"He's one already?" "Wow, he got one fast!" "Didn't that first year just fly by?" These are the statements I got the most from family, friends, and even strangers, my usually answer is a tight lipped "hmm" and a slight nod, to which they of course take as "those were tough times I don't want to remember." Truth be told: Hayden's first year was the longest year of my life! Maybe its because that first year is so connected to pregnancy, I have unconsciously lumped in pregnancy's ten months with the first year of motherhood. I am not sure. But I know that my first year of motherhood was a little bit more weird than most.
I remember some milestones of Pregnancy. I always go back and laugh at how I took my pregnancy test to quiet my Grandmother, who wouldn't stop chirping that I was pregnant after I had told her that I was a bit nauseated but could still help move my cousin. I took it and two lines showed up. After 8 months of baby lust, I was pregnant and so excited that I ran out the door screaming "I'm pregnant" bypassing my husband and went straight to my Grandma's house.
The first trimester was the longest for me: constantly waiting and going to the bathroom to check to see if I was bleeding. And I had longer to wait in that trimester than most women, I found out I was pregnant at only 3 weeks along. The second trimester and the first two months and 3 weeks of the third were my most favorite time. I wasn't impatient to get the pregnancy over with or uncomfortable until the last week. I loved, loved, LOVED pregnancy and was in no rush to have it ended.
My birth was not gruesome or filled with screaming and horror.

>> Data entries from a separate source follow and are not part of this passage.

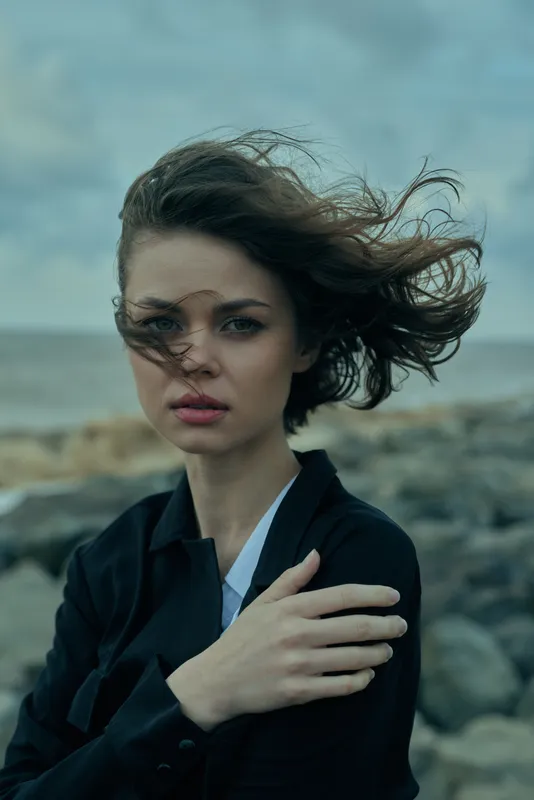 Windy coastal scene featuring a woman in a dark blazer, hair blown by wind, a moody yet calm mood, rocky shoreline and sea in the background, fashion vibe
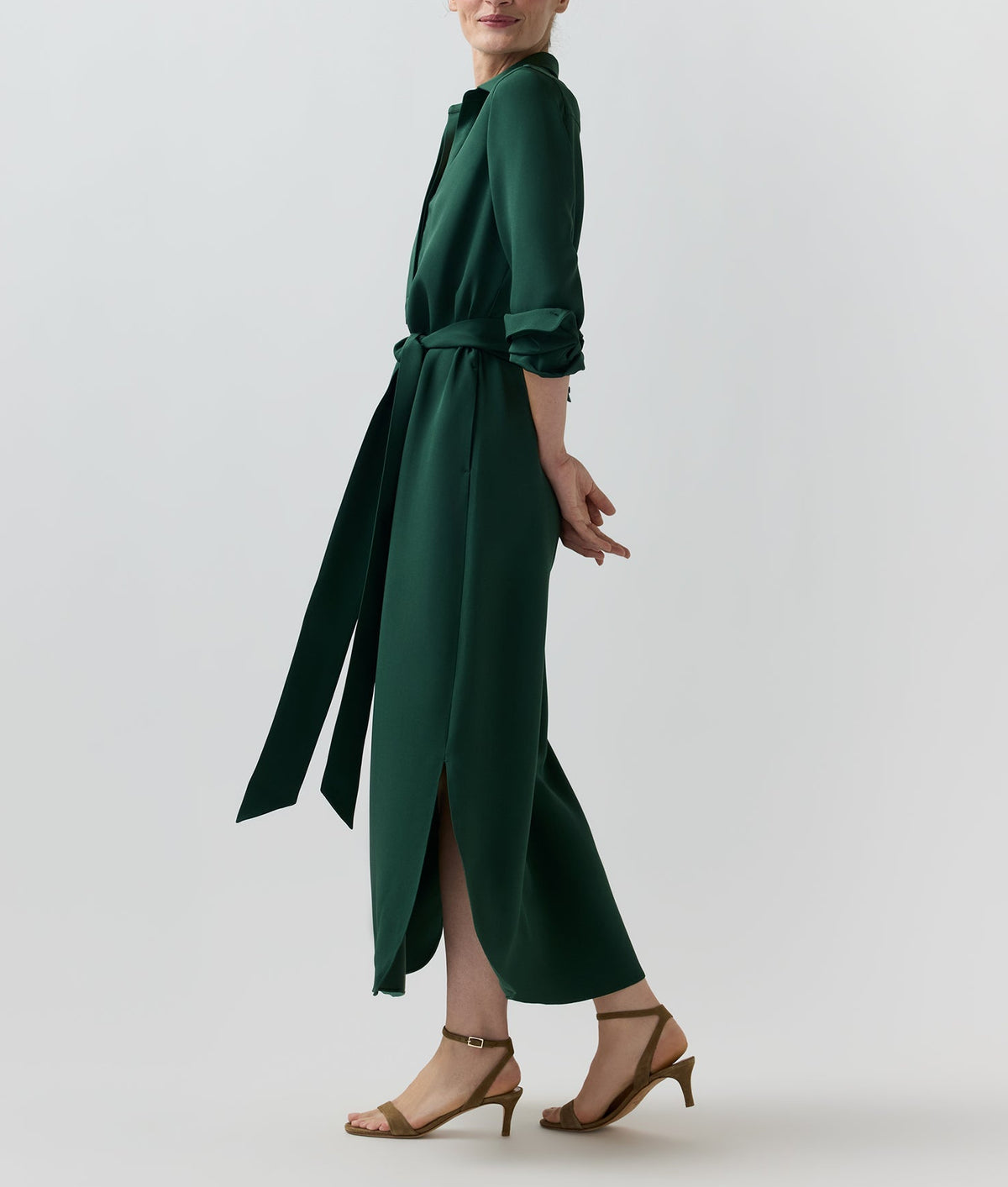 A person stands sideways wearing the dark green Piper Silk Crepe Maxi Dress in crepe de chine with a waist tie and side slits, paired with tan strappy heels.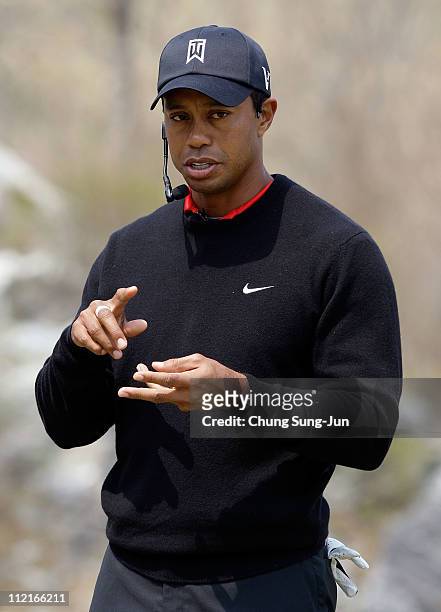 Golfer Tiger Woods speaks in a golf teaching clinic for South Korean juniors during a Nike Golf "Make It Happen" event at Jade Palace Golf Club on...
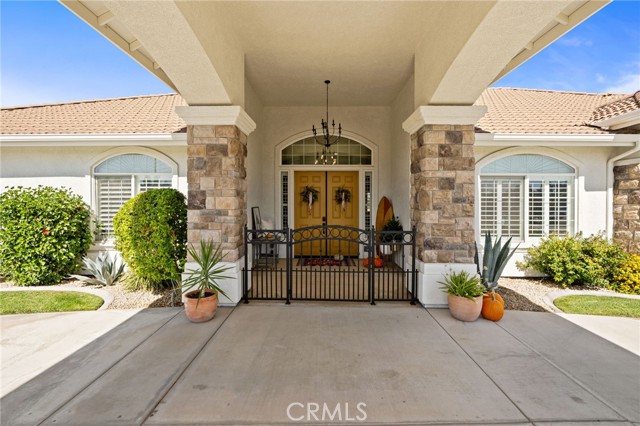 Iron gates enclose front area courtyard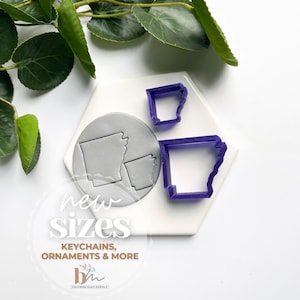 May include: Two purple plastic cookie cutters in the shape of the state of Arkansas. The cutters are on a white hexagonal surface. The text "new sizes, keychains, ornaments & more" is printed below the cutters.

Instead I was calm, laughing, and intent on having a remembered birth experience and I could not wait to push thinking that it would be fun. I labored six hours, I was induced upon requesting it, my contractions were not unbearable- In fact the morning I went to be induced, they checked my cervix and I was already in labor at 3 centimeters dilated. I felt nothing. At 5 centimeters, I got an epidural that didn't work and instead made me violently itchy, that took two doses of benedryl and something else to stop. I felt everything but it wasn't painful. I went from seven to ten in an hour and it took me only thirty minutes to birth Hayden into this world.
I was not overwhelmed or nervous as a parent but confident and anxious to breastfeed and know what it felt like. I loved snuggling with Hayden, breastfeeding him, and even reading to him.
Hayden was a dream as an infant. He never cried, slept long hours, when awoke he was totally alert- So alert that when I took him to the emergency after seeing a spot of blood in his diaper, no one believed that he was sick. It took a week to have him hospitalized for a UTI. That was very hard and the most stressful time for me as a parent, when they put the IV in his arm I left. I felt horrible for leaving, crestfallen for hearing him cry as they poked him, but I didn't want him to see me cry and I bawled.
That didn't even get him down the nurses at Children's Hospital were amazed at how quiet and alert he was, and that he slept through the night so young. After 3 days in the hospital, Hayden took off.
He completed all his milestones early, amazing everyone, and he still amazes me. I was hesitant about him turning one and I love it. It is as if he has come alive. I could see him changing a little at eleven months: saying new sounds, playing games, copying Mommy and Daddy, as well as taking out clothes from the hamper or dishes from the washer "helping" us. But now he is climbing things he never tried to climb: the toilet, the entertainment center, even his small toy shelf. He can say a few words: "stop it" is his favorite, "i did it," "this," "that" "nan" meaning no, "down." Today I heard a few new ones "done" and "dog" and "tree." he even waves bye-bye without being told!
His personality is merging like wild fire. He loves me reading to him, he loves anything with animals in it, he loves outside and nature: anytime the door is open he skyrockets to the door with his goofy run. Another thing that has shocked me is his memory to people. He knows Grandma now on both sides and anytime one of them stops by or he sees their houses he instantly lights up. He is starting to realize that Daddy comes and goes on weekdays and is not always here. He cries when he sees David, his Dad, leave for work or Grandma leaving. And while he learned to point at 9 months, now it has turned into the name game.
Hayden is developing so fast and thankfully there is no end in sight. I love to see him learn and grow (try to type on my computer.)It is what parenting is all about. Now he has run off somewhere with my nail clipper.